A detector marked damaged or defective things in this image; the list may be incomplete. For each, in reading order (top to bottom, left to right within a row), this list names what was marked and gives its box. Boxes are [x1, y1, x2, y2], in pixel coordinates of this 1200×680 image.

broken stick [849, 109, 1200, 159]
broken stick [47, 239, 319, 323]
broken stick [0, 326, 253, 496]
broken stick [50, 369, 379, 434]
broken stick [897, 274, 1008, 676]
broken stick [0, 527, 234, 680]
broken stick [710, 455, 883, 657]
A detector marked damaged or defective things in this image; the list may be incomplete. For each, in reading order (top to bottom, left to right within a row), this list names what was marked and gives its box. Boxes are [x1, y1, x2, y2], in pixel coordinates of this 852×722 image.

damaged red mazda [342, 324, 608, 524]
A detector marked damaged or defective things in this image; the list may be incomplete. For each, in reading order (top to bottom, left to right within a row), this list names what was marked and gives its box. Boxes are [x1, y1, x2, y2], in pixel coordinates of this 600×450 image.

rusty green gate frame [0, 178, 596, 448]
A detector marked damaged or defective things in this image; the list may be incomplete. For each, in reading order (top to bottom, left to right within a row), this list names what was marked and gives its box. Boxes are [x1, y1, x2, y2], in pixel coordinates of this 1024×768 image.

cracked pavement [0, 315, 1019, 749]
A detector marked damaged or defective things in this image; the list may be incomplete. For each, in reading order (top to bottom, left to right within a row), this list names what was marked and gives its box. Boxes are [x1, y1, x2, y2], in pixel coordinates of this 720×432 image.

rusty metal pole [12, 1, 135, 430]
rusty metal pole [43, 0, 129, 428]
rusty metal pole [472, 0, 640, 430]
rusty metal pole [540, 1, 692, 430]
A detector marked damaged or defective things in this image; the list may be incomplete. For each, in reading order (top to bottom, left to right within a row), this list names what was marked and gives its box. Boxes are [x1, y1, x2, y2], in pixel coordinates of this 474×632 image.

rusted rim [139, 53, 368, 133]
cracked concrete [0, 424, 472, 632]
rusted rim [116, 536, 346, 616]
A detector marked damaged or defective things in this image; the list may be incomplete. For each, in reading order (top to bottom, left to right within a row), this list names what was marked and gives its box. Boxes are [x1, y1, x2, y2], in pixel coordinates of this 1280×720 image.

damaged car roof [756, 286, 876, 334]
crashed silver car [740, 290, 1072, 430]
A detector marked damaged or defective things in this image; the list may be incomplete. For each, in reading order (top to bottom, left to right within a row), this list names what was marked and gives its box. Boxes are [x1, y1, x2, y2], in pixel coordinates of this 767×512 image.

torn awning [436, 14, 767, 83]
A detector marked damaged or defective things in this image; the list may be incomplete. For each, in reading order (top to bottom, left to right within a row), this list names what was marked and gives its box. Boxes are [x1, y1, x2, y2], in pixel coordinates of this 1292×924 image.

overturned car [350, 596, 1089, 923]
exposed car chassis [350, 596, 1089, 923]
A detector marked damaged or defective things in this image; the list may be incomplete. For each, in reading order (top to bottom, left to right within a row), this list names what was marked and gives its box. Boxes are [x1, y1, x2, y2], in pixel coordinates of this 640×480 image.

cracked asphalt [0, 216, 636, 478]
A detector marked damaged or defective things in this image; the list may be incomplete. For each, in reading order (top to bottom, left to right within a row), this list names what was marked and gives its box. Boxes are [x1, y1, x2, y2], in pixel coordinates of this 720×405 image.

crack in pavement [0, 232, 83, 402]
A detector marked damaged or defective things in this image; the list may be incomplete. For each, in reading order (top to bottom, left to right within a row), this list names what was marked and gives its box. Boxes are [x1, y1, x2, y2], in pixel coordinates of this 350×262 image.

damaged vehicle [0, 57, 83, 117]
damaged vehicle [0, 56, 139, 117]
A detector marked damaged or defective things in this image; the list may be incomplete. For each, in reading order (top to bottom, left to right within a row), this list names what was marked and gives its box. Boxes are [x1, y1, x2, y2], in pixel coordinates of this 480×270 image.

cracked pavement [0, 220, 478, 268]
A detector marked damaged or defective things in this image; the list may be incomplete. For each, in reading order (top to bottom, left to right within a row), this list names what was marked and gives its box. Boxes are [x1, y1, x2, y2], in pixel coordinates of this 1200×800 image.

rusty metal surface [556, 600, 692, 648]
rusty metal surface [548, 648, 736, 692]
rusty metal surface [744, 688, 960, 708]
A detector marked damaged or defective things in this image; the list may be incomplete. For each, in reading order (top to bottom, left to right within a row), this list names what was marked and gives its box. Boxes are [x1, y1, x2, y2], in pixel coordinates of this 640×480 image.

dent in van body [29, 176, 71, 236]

REQUIREMENT -
With the line containing "this 720×405 image." as the start, transcribe each line through the end of the listing above, exactly and only.

RESPONSE AREA -
A detector marked damaged or defective things in this image; the list may be incomplete. For each, in reading order (top to bottom, left to right within a row), this list names what was marked and gives its box. Boxes are [x1, y1, x2, y2], in pixel coordinates of this 720×405 image.

crack in pavement [0, 232, 83, 402]
A detector marked damaged or defective things in this image; the list may be incomplete. For each, in reading order (top to bottom, left to right within a row), this list names what was marked and gives its box. Boxes are [x1, y1, x2, y2], in pixel coordinates of this 350×262 image.

damaged vehicle [0, 57, 83, 117]
damaged vehicle [0, 56, 139, 117]
A detector marked damaged or defective things in this image; the list may be incomplete. For each, in reading order (top to bottom, left to right within a row), this list names what was marked and gives its box. Boxes are [x1, y1, x2, y2], in pixel coordinates of this 480×270 image.

cracked pavement [0, 220, 478, 268]
A detector marked damaged or defective things in this image; the list may be incomplete. For each, in reading order (top to bottom, left to right within a row), this list names what was marked and gives its box. Boxes are [x1, y1, x2, y2], in pixel coordinates of this 1200×800 image.

rusty metal surface [556, 600, 692, 648]
rusty metal surface [548, 648, 736, 692]
rusty metal surface [744, 688, 960, 708]
A detector marked damaged or defective things in this image; the list may be incomplete. For each, in reading order (top to bottom, left to right within a row), this list names what was marked and gives its box. Boxes are [x1, y1, x2, y2], in pixel coordinates of this 640×480 image.

dent in van body [29, 176, 71, 236]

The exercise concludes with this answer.